* **Available data**:
════════════════
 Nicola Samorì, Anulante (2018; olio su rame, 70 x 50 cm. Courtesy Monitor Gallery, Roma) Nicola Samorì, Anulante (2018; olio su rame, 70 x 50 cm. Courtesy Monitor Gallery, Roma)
════════════════
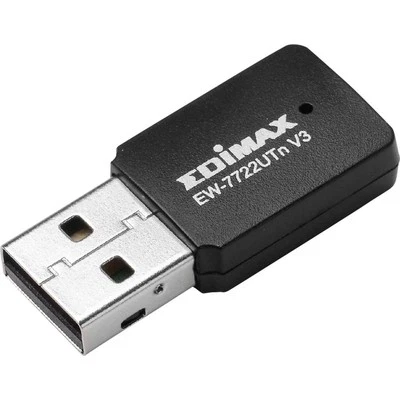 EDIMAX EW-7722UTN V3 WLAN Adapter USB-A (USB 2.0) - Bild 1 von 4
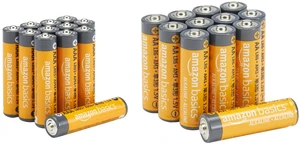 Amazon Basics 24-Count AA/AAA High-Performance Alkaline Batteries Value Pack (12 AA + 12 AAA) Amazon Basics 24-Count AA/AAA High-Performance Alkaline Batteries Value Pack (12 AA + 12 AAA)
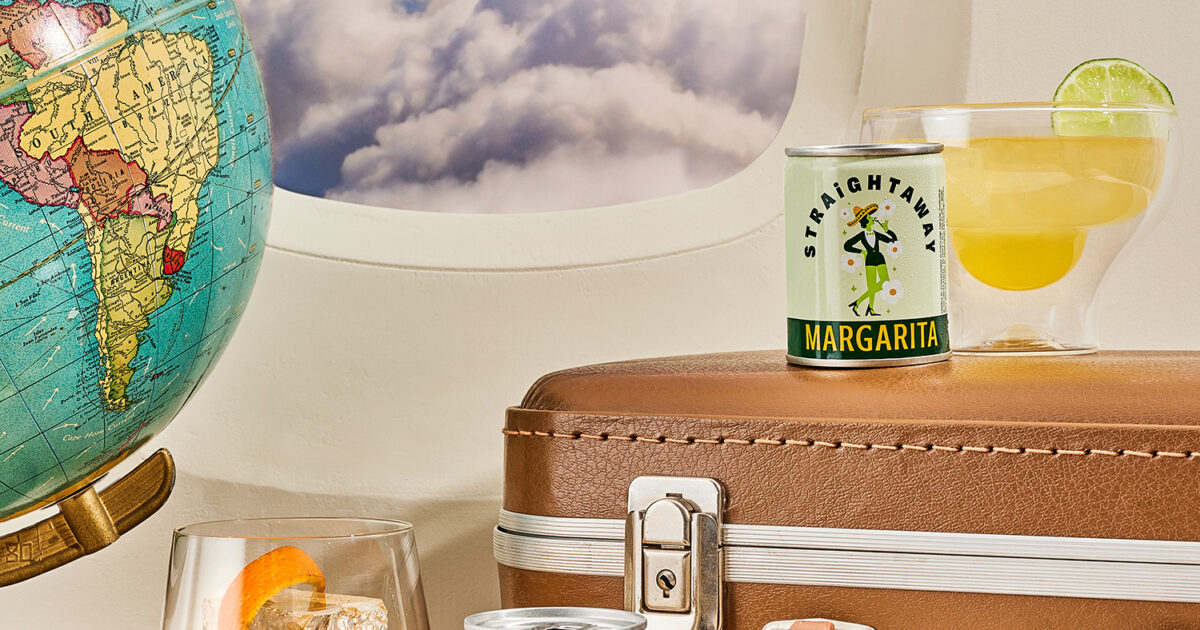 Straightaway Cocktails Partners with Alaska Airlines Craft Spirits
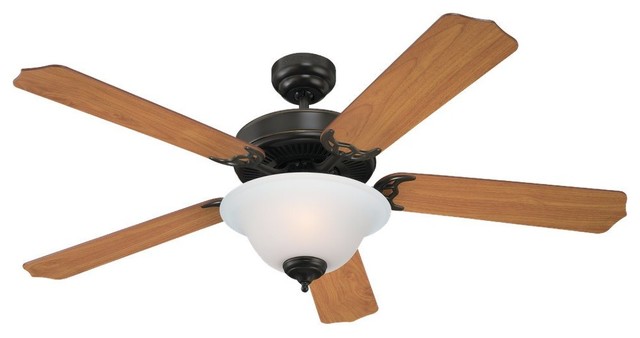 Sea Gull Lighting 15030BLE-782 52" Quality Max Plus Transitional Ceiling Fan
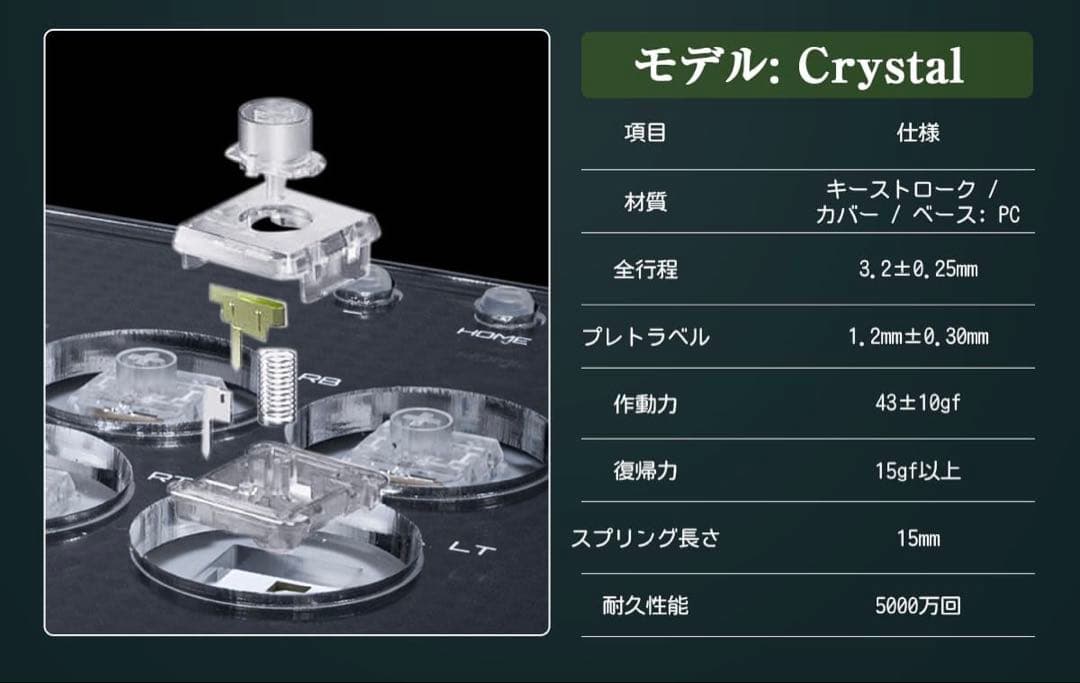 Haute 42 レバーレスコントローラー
════════════════
In the listing above, find the line with "Straightaway Cocktails Partners" and the line with "Haute 42 レバーレスコントローラー". Set down both and every line between them, minus the pictures.

 Straightaway Cocktails Partners with Alaska Airlines Craft Spirits
 Sea Gull Lighting 15030BLE-782 52" Quality Max Plus Transitional Ceiling Fan
 Haute 42 レバーレスコントローラー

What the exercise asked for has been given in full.